Il faut souligner que depuis ce temps, le prêtre célèbre l’eucharistie face à la croix sous le signe du “Mort en Croix” qui reste éloigné de cette image selon que l’on prie en Orient byzantin ou en Occident latin le même Christ, notre maître et notre Dieu.
Les orientaux faisant suite à la querelle des images des huitième et neuvième siècles, préféreront “le dépouillement du sommeil du disparu aux images démonstratives d’une mort figurées dans le sang et les larmes de notre tradition religieuse.”
La croix n’est pas l’essentiel pour les artistes byzantins. La résurrection est première et doit suggérer l’invisible du Ressuscité. On cite les églises du Kosovo, de Serbie et de la Macédoine du Nord de tradition orientale, habillées de fresques et d’images qui déplacent le regard de la croix vers celui de la vie qui l’environne autour du Christ.
En Occident, les peintres Raphaël et Michel Ange, à l’heure de la Renaissance, adopteront les images de la tradition romaine des sculpteurs antiques, où “Christ en humanité explose dans sa beauté naturelle et expose de la sorte le modèle d’humanité parfaite voulue du chrétien”.
L’artiste choisira de centrer son objectif d’une intimité mystique sur le Christ et quelques fidèles triés parmi une population indifférenciée.
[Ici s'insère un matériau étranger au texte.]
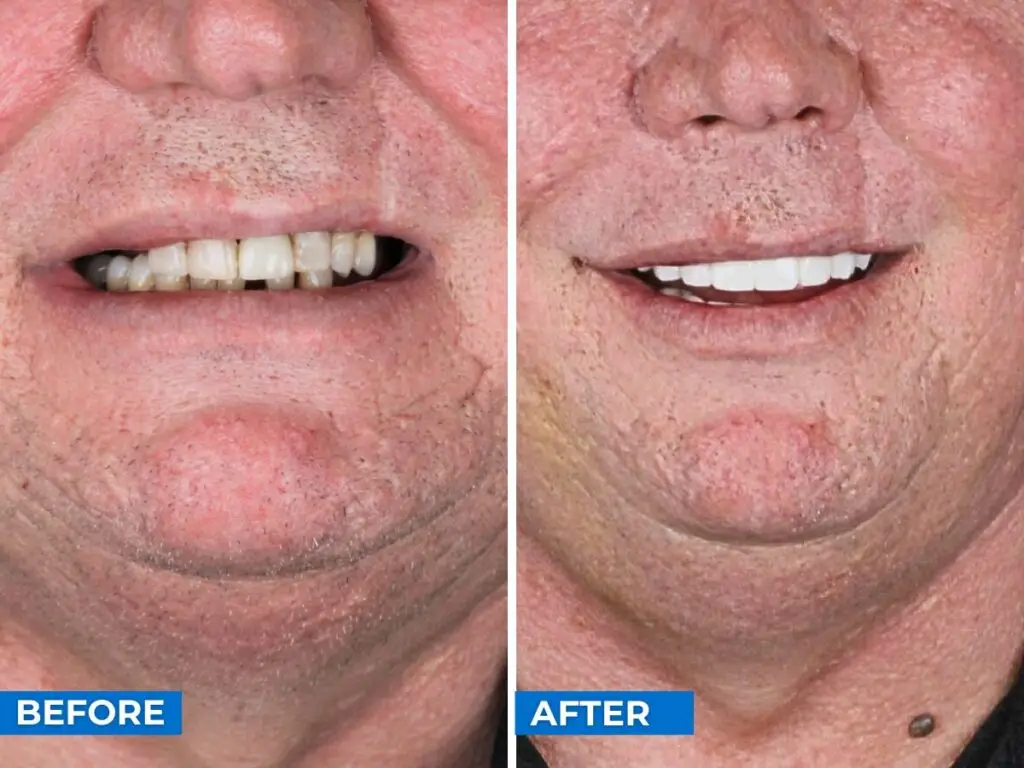 Smile 24h Cancun Patient Case of Patient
Après le concile de Trente, disent cependant les historiens de l’art, « les chrétiens s’identifieront davantage au Christ de la souffrance, le spectacle public de cette agonie et des épouvantes de la crucifixion redeviendront communes, centrales et majeures de l’expression chrétienne de la foi ».
Les Orientaux donnant à la croix l’une des douze représentations de la vie du Christ dans les iconostases et dans les icônes selon un sujet réitéré et maîtrisé.
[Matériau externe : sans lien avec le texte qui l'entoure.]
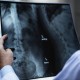 Rockpoint Legal Funding: Spine Injury Surgeries - Time is of the Essence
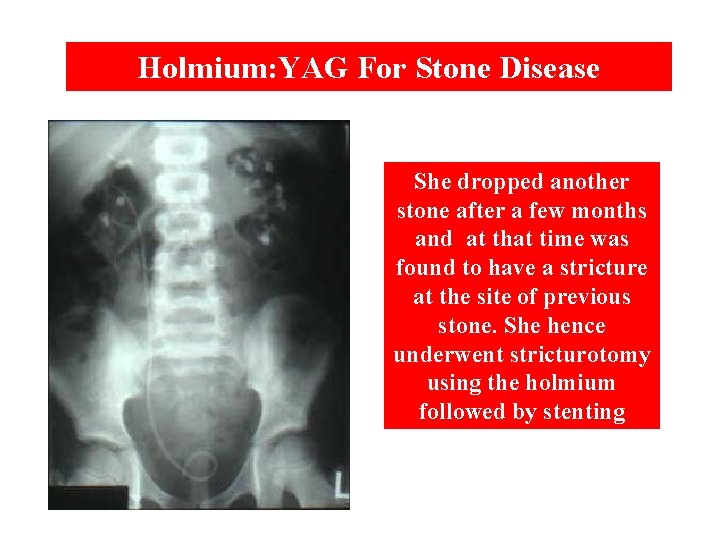 Holmium: YAG For Stone Disease She dropped another stone after a few months and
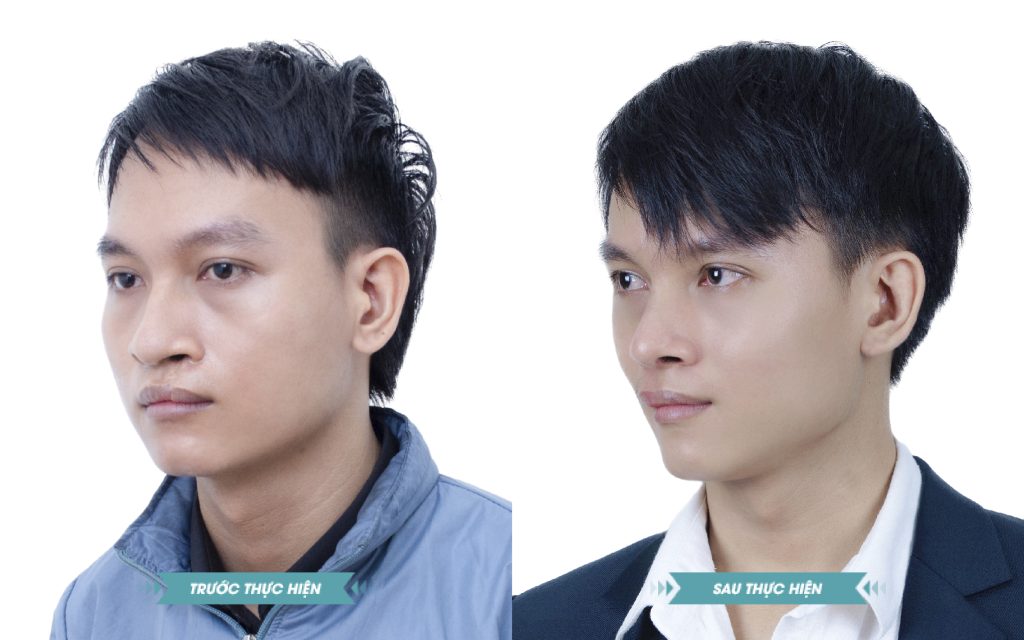 ảnh khách hàng phẫu thuật smhhe tại JK Nhật Hàn 2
Exception faite cependant chez les orthodoxes d’Ethiopie et chez les Moldaves où le Crucifié est habité d’un décor imagé qui n’épuise le sujet de la croix dans des scènes exagérément démonstratives.
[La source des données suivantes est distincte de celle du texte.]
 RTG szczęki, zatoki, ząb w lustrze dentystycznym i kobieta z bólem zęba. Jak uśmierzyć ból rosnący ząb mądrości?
On rapporte qu’à l’époque communiste, on fit disparaître toute expression de ce culte à la croix des chrétiens mais que des artistes contemporains tels Nicolas Saric et Julia Stankova ont voulu revisiter dans leurs œuvres.
En Occident, “le Siècle des Lumières malmena quelque peu toute représentation religieuse de la croix du Christ au bénéfice d’une nature sacralisée cherchant à effacer toute illustration artistique du christianisme par la Croix et l’oblation du Seigneur Dieu sur la croix.”
On cite ainsi Félicien Rops dans « La tentation de saint Antoine » qui se permit l’infamie de représenter la croix portant une femme nue remplaçant Jésus comme un signe d’affranchissement du peintre par rapport à la tradition religieuse et chrétienne du passé. De façon plus civile et plus universelle, Picasso et Dali adapteront le thème de la croix à leurs œuvres en la projetant de leur pinceau sur la guerre et les inhumanités dont elle sera l’expression contemporaine.
Changement d’époque, changement de temps, la Croix demeure le mystère existentiel saisi par les peintres dans un langage religieux et laïque, selon les époques de l’histoire de l’humanité !
François-Xavier Esponde
Ndlr : Vient de paraître aux Éditions Bayard de François Bœspflug avec le concours d’Emanuela Fogliadini, Crucifixion. La crucifixion dans l’art. Un sujet planétaire (560 pages, 59,90 euros).
Dans ce livre riche de quelque 300 reproductions en couleurs, qui relève le double défi d’une approche transpériodique et transcontinentale du sujet, François Bœspflug (historien, théologien, professeur émérite à l’université de Strasbourg, un des plus importants spécialistes européens de l’art chrétien) raconte une aventure iconographique passionnante et encore mal connue, depuis l’Antiquité jusqu’à aujourd’hui (Le Cerf, 2018).